Two Illinois pension funds are to invest in Starwood’s latest global opportunistic real estate fund, having both invested in its predecessor.
Teachers’ Retirement System of the State of Illinois and Illinois Municipal Retirement Fund have approved commitments worth $300m (€220m) and $50, respectively, to the Starwood Global Opportunity Fund X
Both pension plans invested $150m and $40m, respectively, to the Starwood Distressed Opportunity Fund IX in 2013.
Starwood Capital Group made a first close for the new fund earlier this year with $2bn in capital commitments, according to industry sources, and is seeking to raise a total of $4bn to $5bn.

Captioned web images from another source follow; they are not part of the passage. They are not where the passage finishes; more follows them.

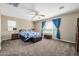 Main bedroom with carpeted floor, ceiling fan and window treatments at 17797 W Carmen Dr, Surprise, AZ 85388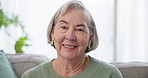 Face, happy or old woman on sofa in retirement at nursing home for elderly care in house lounge. Pride, laughing or portrait of proud senior person on couch in house in retirement in living room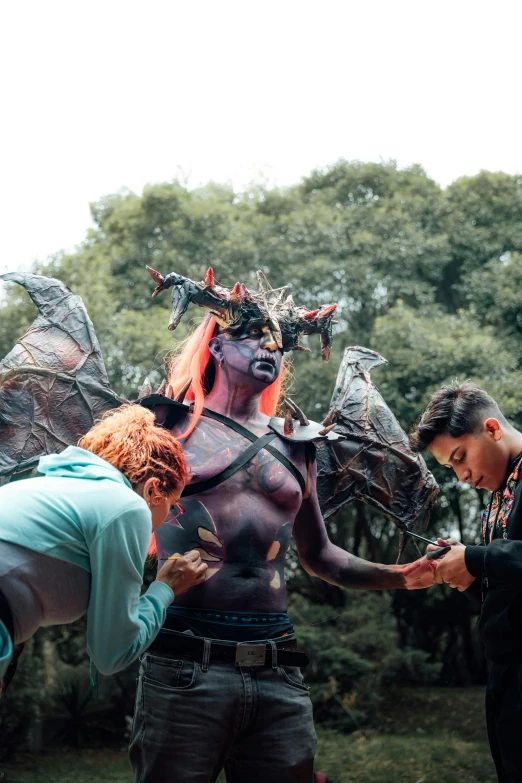 a couple of people with weird bodies standing in front of trees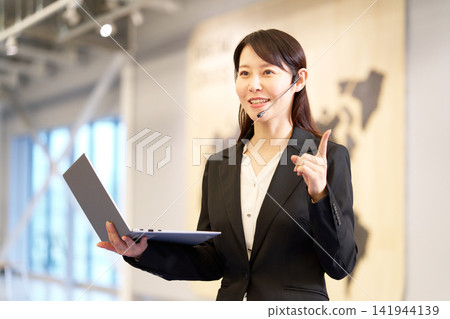 A businesswoman giving a presentation at a seminar, holding a laptop. A businesswoman giving a presentation at a seminar, holding a laptop. 141944139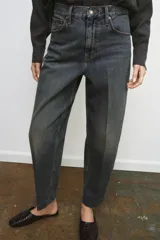 Jeans de tiro alto con corte barrel y diseño tapered, confeccionados en denim con efecto lavado y detalle de raya planchada. Presentan cintura con trabillas, cierre frontal con cremallera y botón, y bolsillos funcionales en delantero y espalda.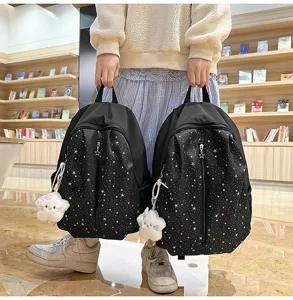 Detailed view of the cute star pattern black school backpack, featuring front pocket and charm.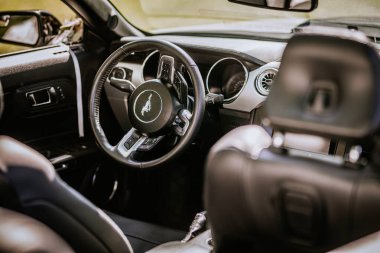 Valmiera, Letonya - 24 Ağustos 2024 - Mustang logosu, gösterge paneli ve siyah deri koltukları olan direksiyon simidine odaklı modern bir arabanın iç görünümü.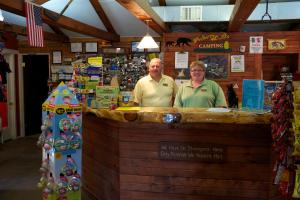 two men standing at a counter in a store at Yukon Trails Camping Resort in Lyndon Station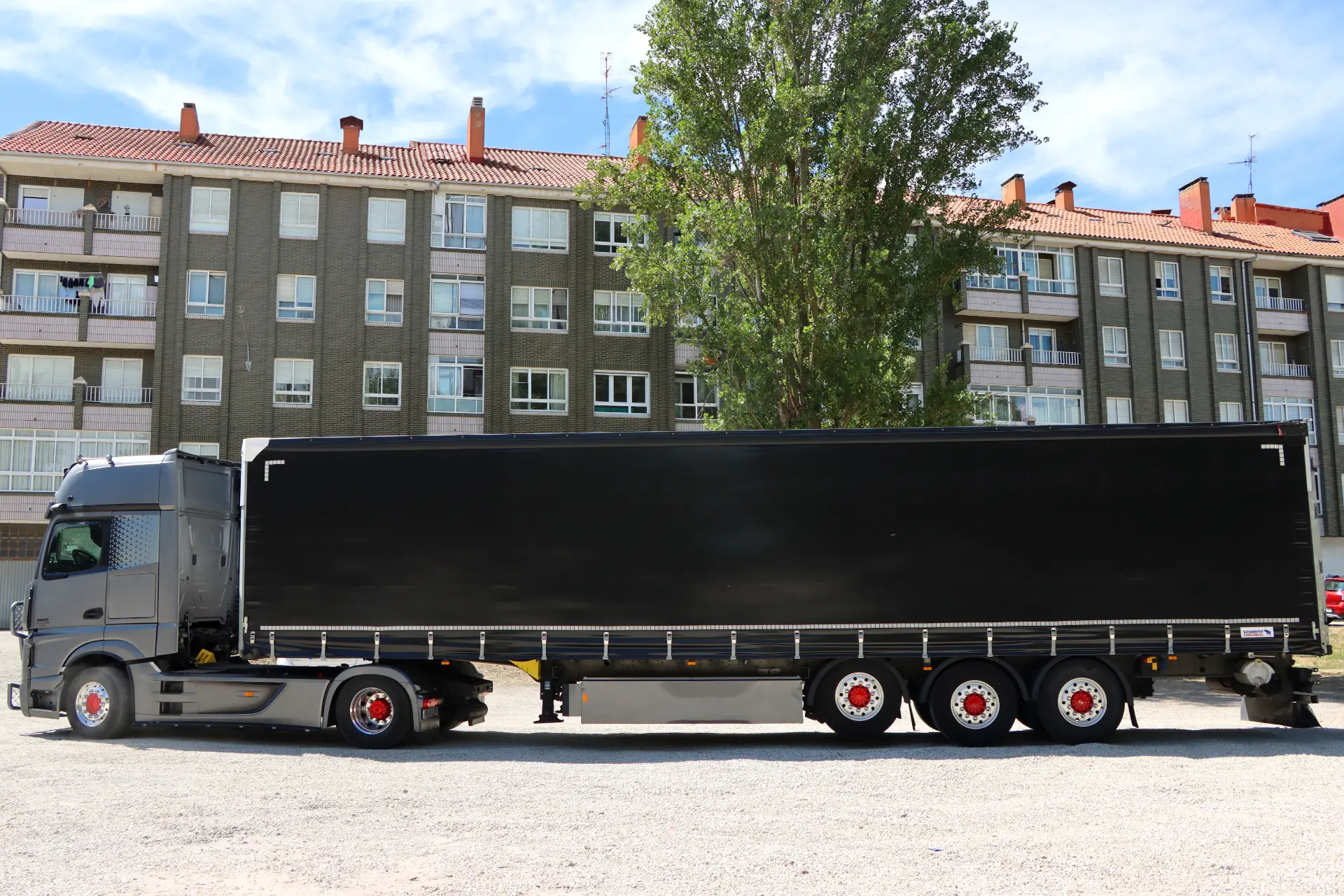 Un semirremolque negro con un largo remolque, rotulado "Borrador automático", está aparcado delante de un edificio de apartamentos.
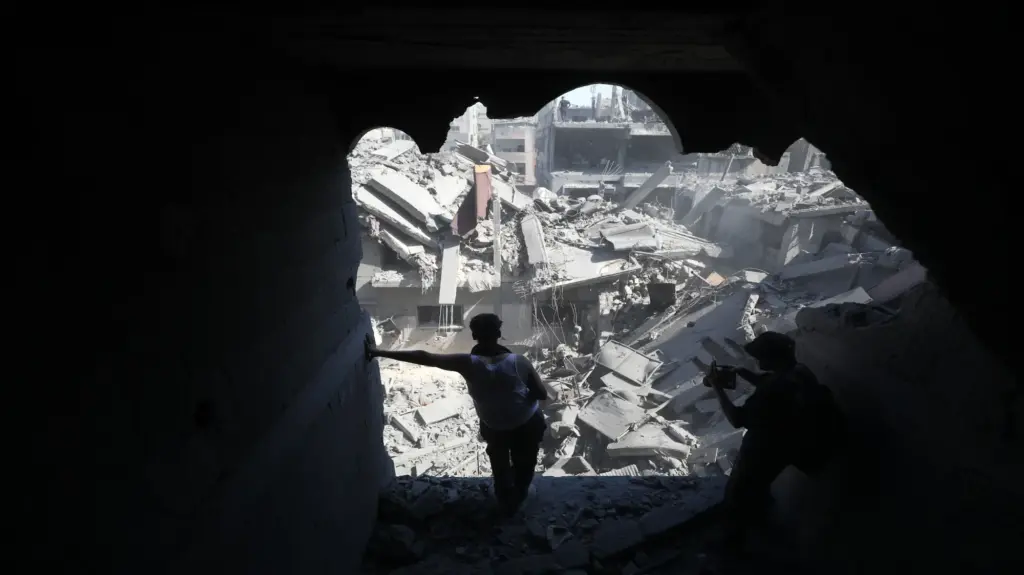 A person standing in a destroyed building looking out over rubble.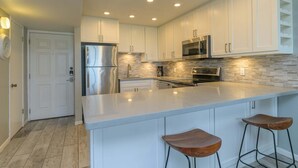 A modern kitchen with white cabinets, stainless steel appliances, and a large island with bar stools. - Tiki 128 - Spacious Ocean View 1br Condo Sleeps 6 1 Bedroom Condo (South Padre Island)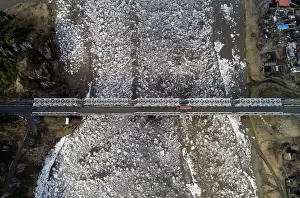 Environment Prints: A view shows vehicles driving along a bridge across the Mana River during an ice drift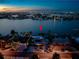 Night aerial view of waterfront home with illuminated pool and scenic bay views at 505 55Th Ave, St Pete Beach, FL 33706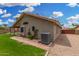 Rear exterior view of the home showcasing the yard, patio, air conditioning unit, and block wall at 7344 E Lindner Cir, Mesa, AZ 85209
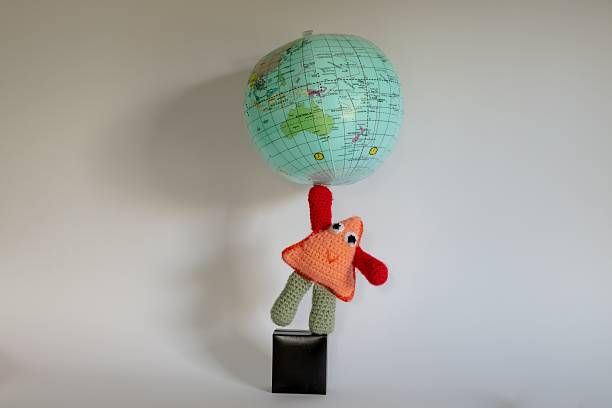 A soft toy fantasy character stands on one leg of top of a black box, balancing a globe on one hand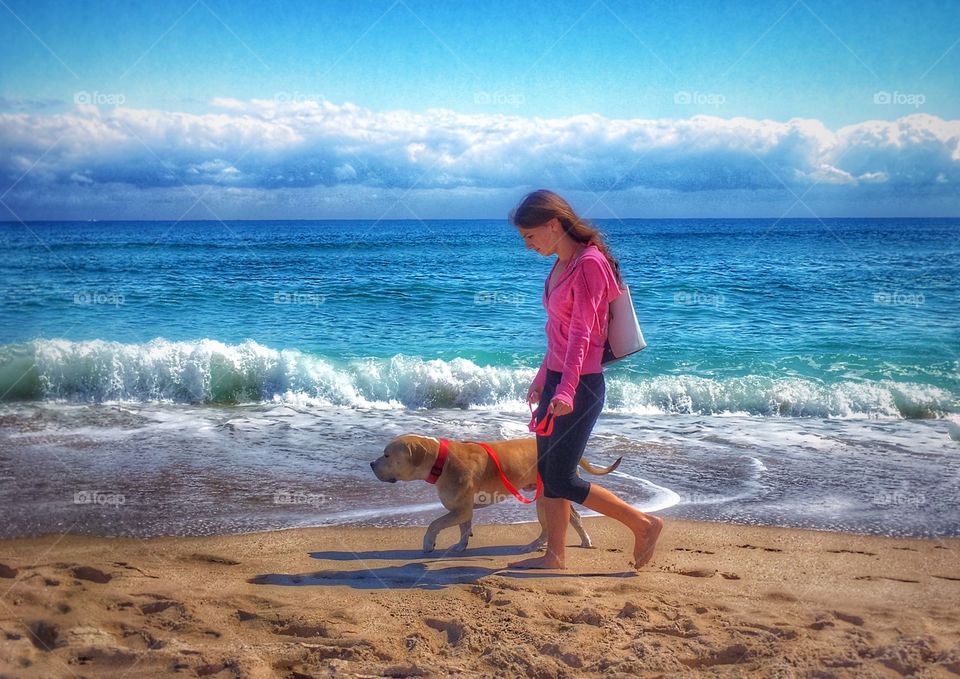 Young lady and her dog walking on the beach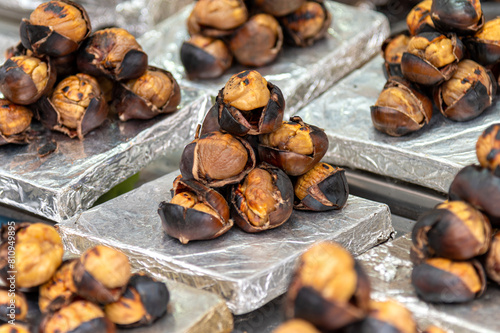 Street food roasted chestnuts. Roasted chestnuts for sale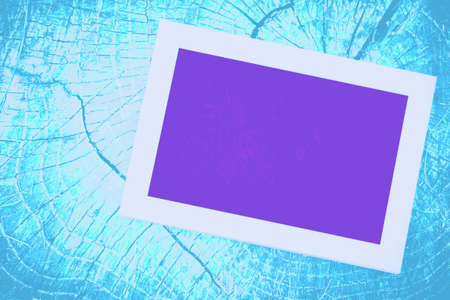 Purple screen neon and white frame TV monitor on an azure blue wooden wallの写真素材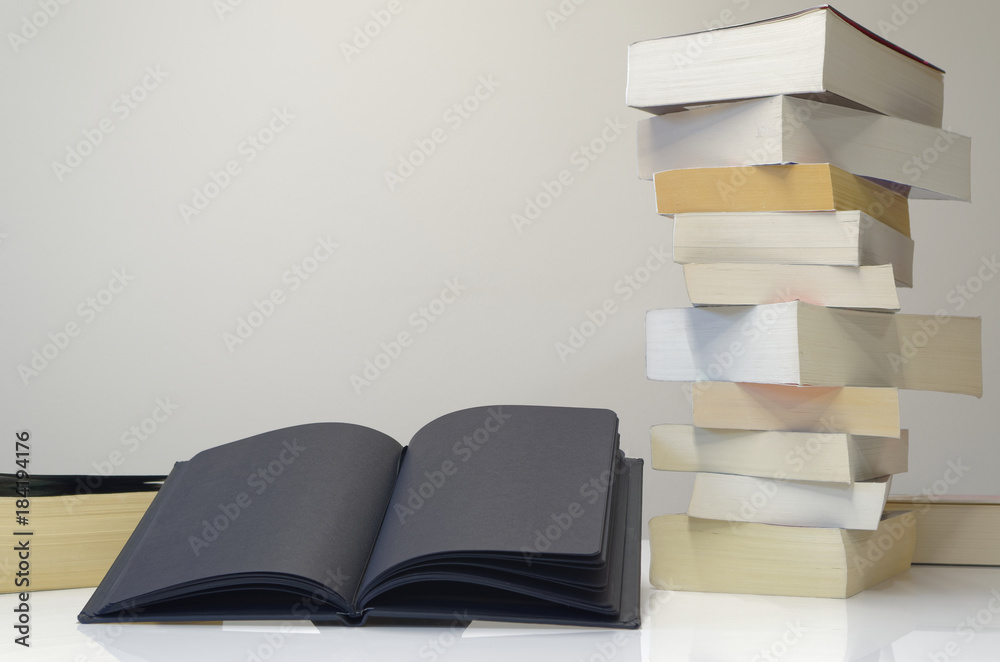 Black open book in foreground of pile of books Black open book in foreground of pile of books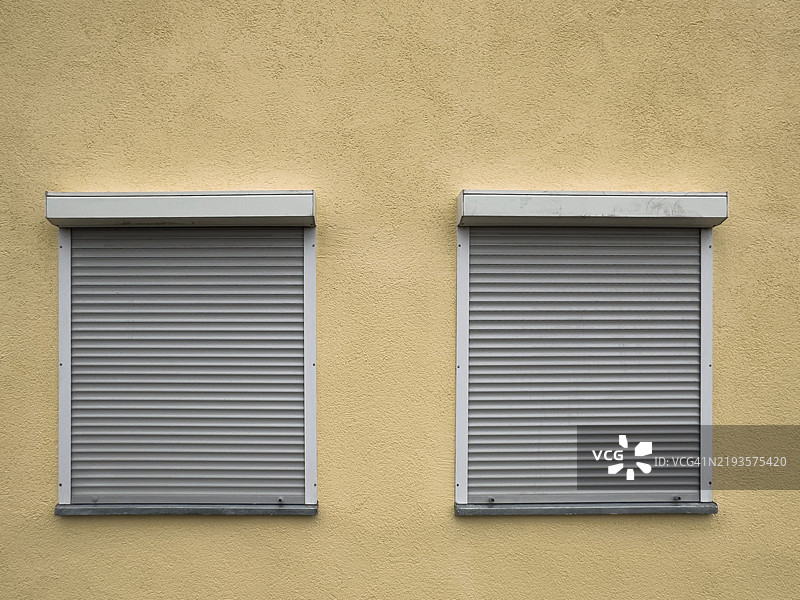 两扇关闭的百叶窗在黄色墙壁上图片素材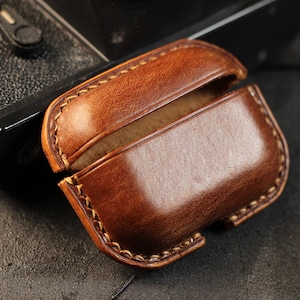 May include: A brown leather case for wireless earbuds. The case is open, revealing the soft brown interior lining.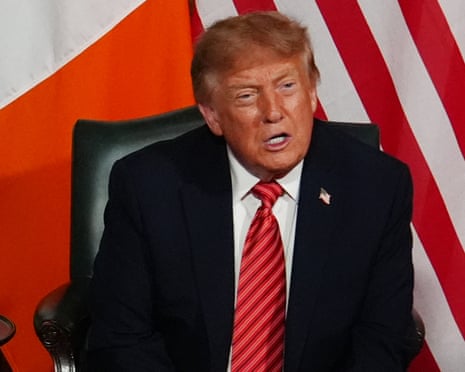 President Trump speaks while seated in front of Irish and American flags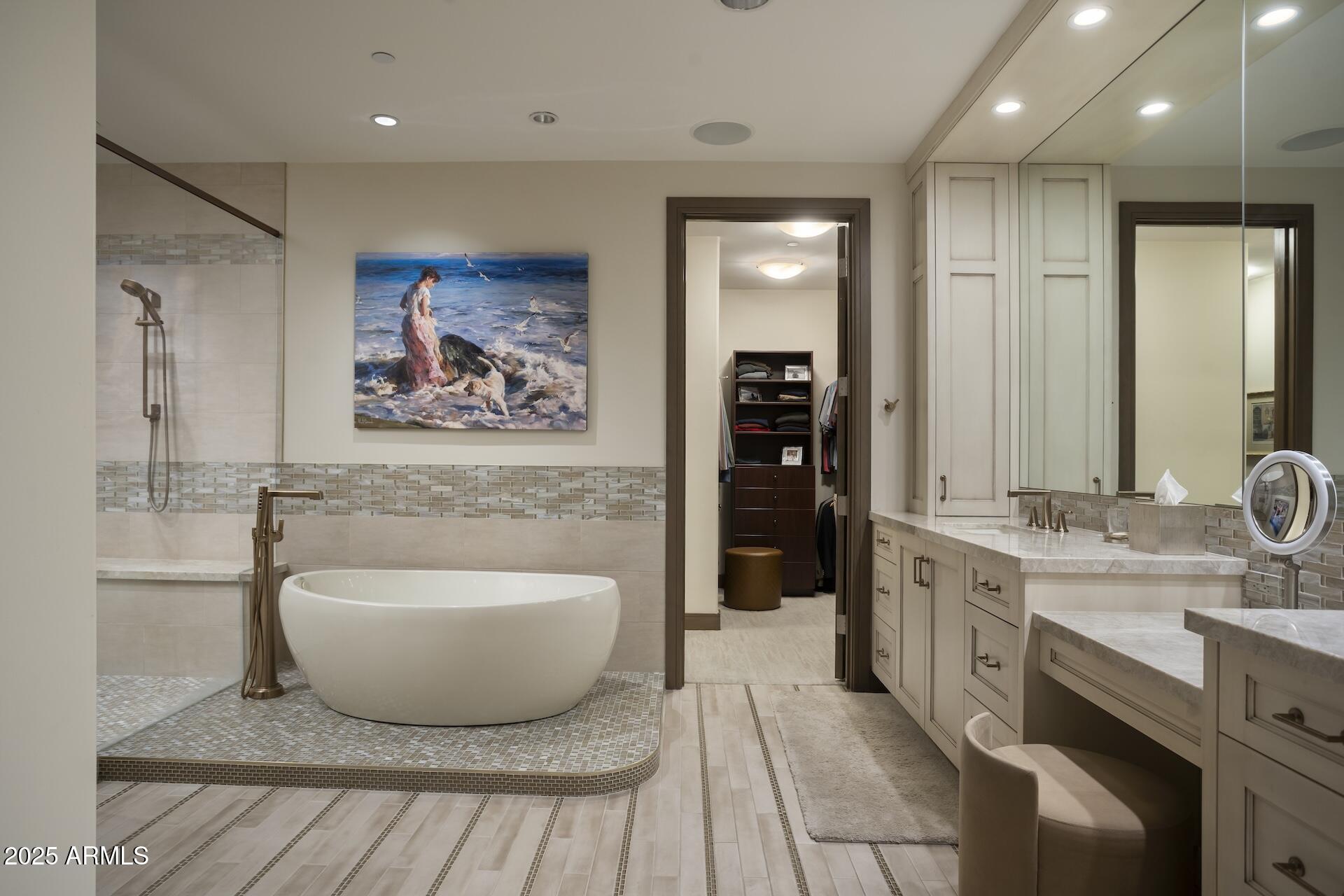 2211 East Camelback Road, Unit 1203 Phoenix, AZ 85016 - Photo 18 of 39 a spacious bathroom with a double vanity sink a mirror and a bathtub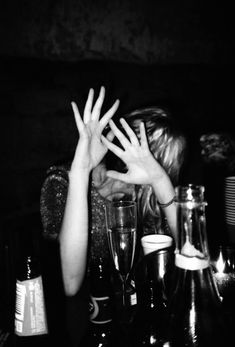 a woman sitting at a table with her hands in the air and two empty wine glasses next to her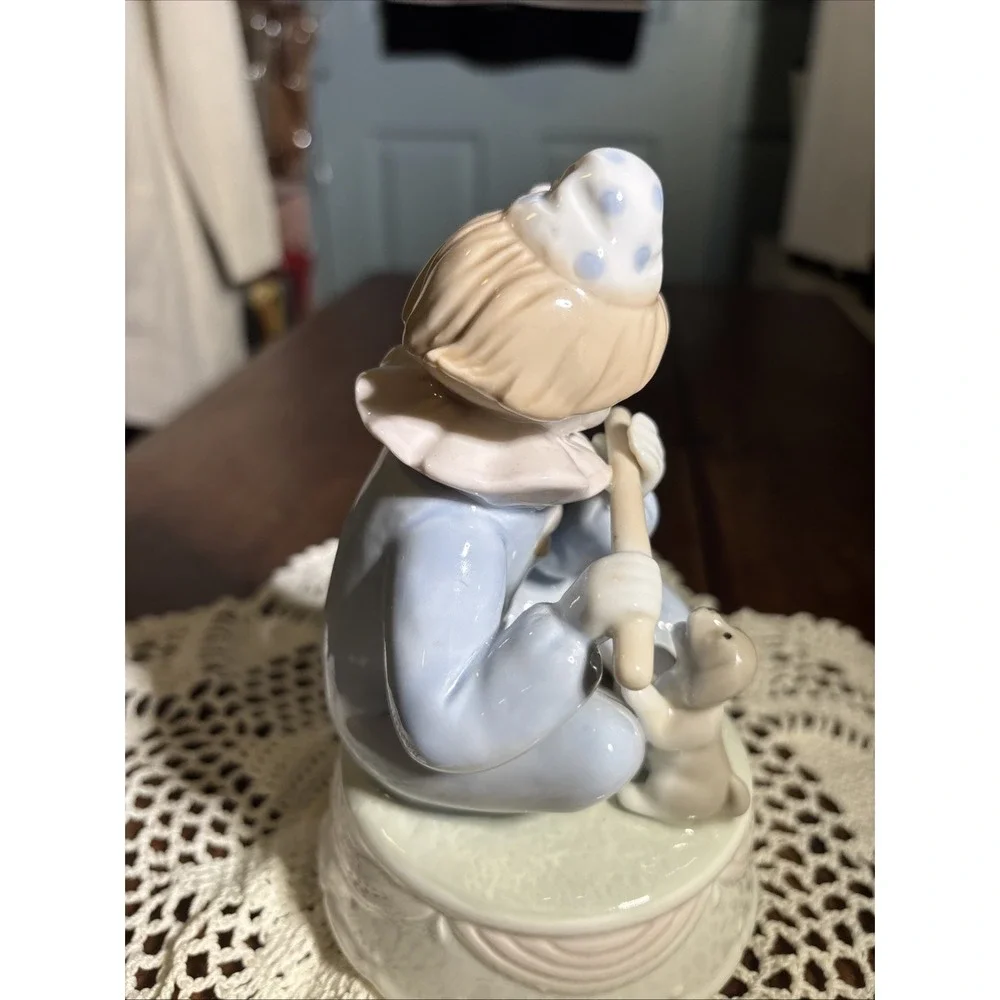 Paul Sebastian Clown Playing Flute with Dog Porcelain Figurine Music Box 7.5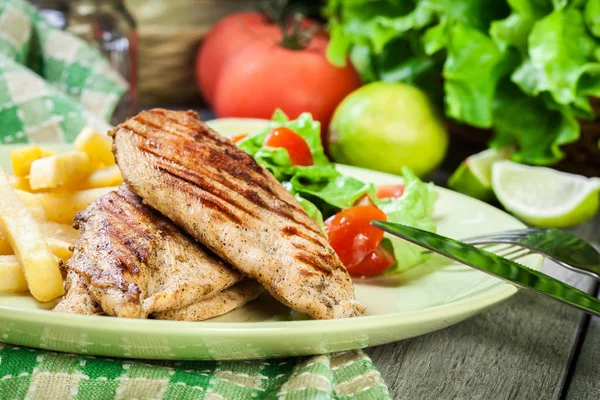 Grilled chicken breasts served with fries — Stock Photo, Image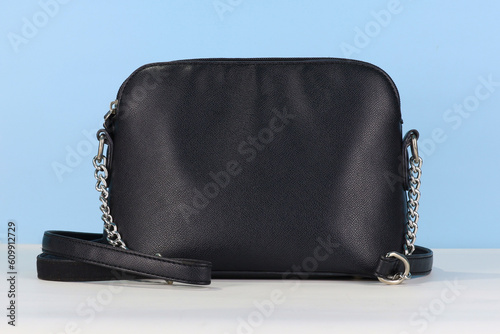 Black female leather bag with shoulder strap on blue background photo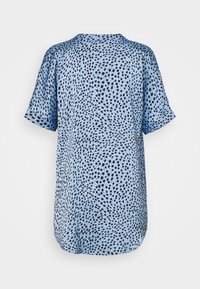 Top azzurro chiaro a maniche corte con un motivo a pois neri. Il tessuto appare liscio con una silhouette leggermente ampia e un collo arrotondato.
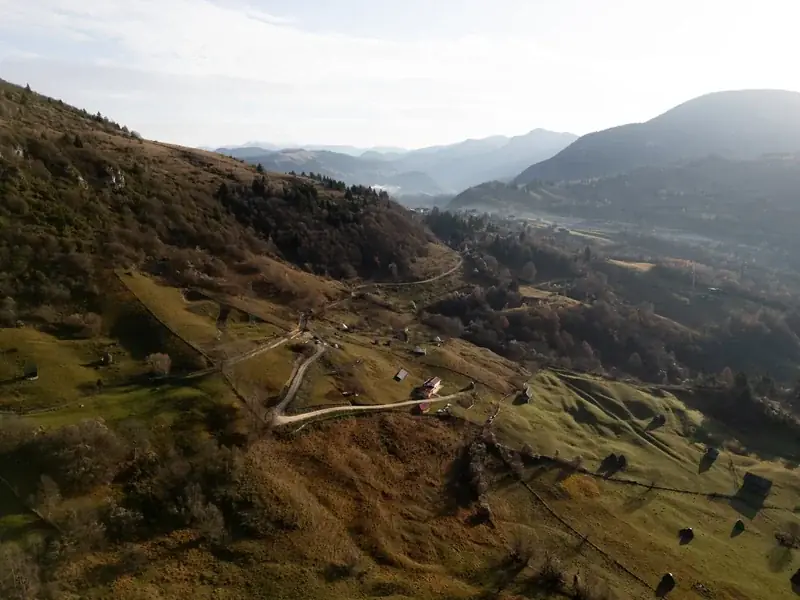 Drone view of a mountain track winding across the hills, with the mountains in haze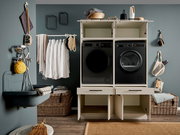 Frontale Perspektive: moderner Waschturm/Waschmaschinen-Schrank in Weiß mit zwei schwarzen Frontlader-Geräten (Waschmaschine und Trockner) in einem stilvollen Hauswirtschaftsraum, mit offenen Schranktüren unten und Ablagefläche oben.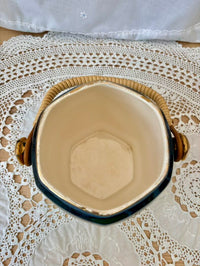 Hexagonal ceramic jar with wooden handles on a lace tablecloth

Approximately half of the fund is expected to be invested in Europe, including Spain. Starwood has built up a significant presence in Europe to look for investments with 30 people on the ground.
The real estate manager also owns Hatfield Philips, a major loan servicer in Europe, which should help Starwood source deals.
Fund X will also be investing around 40% of the capital in the US and the balance in other areas around the globe.
The targeted returns for the commingled fund are 14% to 16% net and 18% to 20% gross. Starwood will be investing $75m of its own capital into the fund as a co-investment.
The fund will invest across property types, including apartments, hotel, retail, office and land, and can make a mixture of debt and equity investments.
The loan-to-value on the portfolio could vary from the 50% to just above 60%.
The structure of the investments will include distressed debt, value-add and income assets and corporate opportunities.
Illinois Teachers has also approved another new real estate commitment: a $100m allocation to the Carlyle Realty Partners VII.
Carlyle is seeking to raise $3bn in capital for its opportunistic commingled fund, targeting office, industrial, retail and apartments in the US.